The OTC medicine Aspirin is actually a synthetic derivative of salicylic acid which is found naturally in the bark of the willow tree. However, like most things, when we isolate them, try to duplicate them or combine them in unnatural ways (with synthetics, etc.) we tend to see side effects and the risk of the ”medicine” becoming harmful grows exponentially. One reason for this is that chemicals, vitamins and such substances are meant to act as part of a whole. When we isolate a chemical for instance, it no longer works in harmony with it’s companions, but either becomes extremely strong with nothing to temper it, or isn’t assimilated as it would be, side effects grow and many problems can arise. There are of course exceptions to this, plants or chemical extracts that would otherwise be harmful are sometimes beneficial when extracted properly or used in homeopathic medicine.
But for a very common example of the general rule, take a look at table salt. It’s notorious for raising our sodium levels because it is basically isolated sodium! It’s not salt in it’s natural state, with all the other trace minerals alongside it (like sea salt or pink Himalayan salt, which can even be taken in small amounts as supplements). Instead of nourishing and healing, it becomes something harmful.
In the case of aspirin, we see a great increase in bleeding risk and gastrointestinal issues when we take the common OTC form. However, these risks are greatly reduced when we consume salicylic acid in it’s natural form, willow bark. Willow bark can take slightly longer to kick in, but it’s effects are also longer lasting than aspirin in most cases.

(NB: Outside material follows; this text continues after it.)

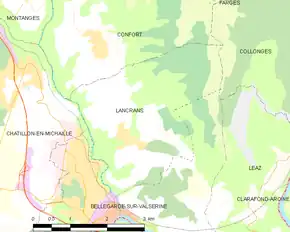 Poziția localității Lancrans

So it’s a much safer pain reliever.
It is a great remedy for headaches, hangovers, and other minor pains and inflammation. The use of the willow tree as a mild pain reliever goes back to Chinese Medicine as well as many Native American tribes, and even the ancient Greeks.
Of course you can buy the white willow capsules or loose in bulk, (I linked a couple brands I like) either online or in most health food stores and places like whole foods, but if you’re interested in harvesting and making your own tea form I’m going to tell you how. Rather you want to be prepared in the wilderness, like doing things the most natural way possible, or prefer the potency of fresh bark tea to store bought this little tutorial is for you.
1: Learn to Identify Willow Trees. NEVER use a plant medicine unless you are 100% sure of what you are using.
There are basically four types of Willow trees: White, Black, Golden, and Weeping Willow. White Willow tends to be the most potent.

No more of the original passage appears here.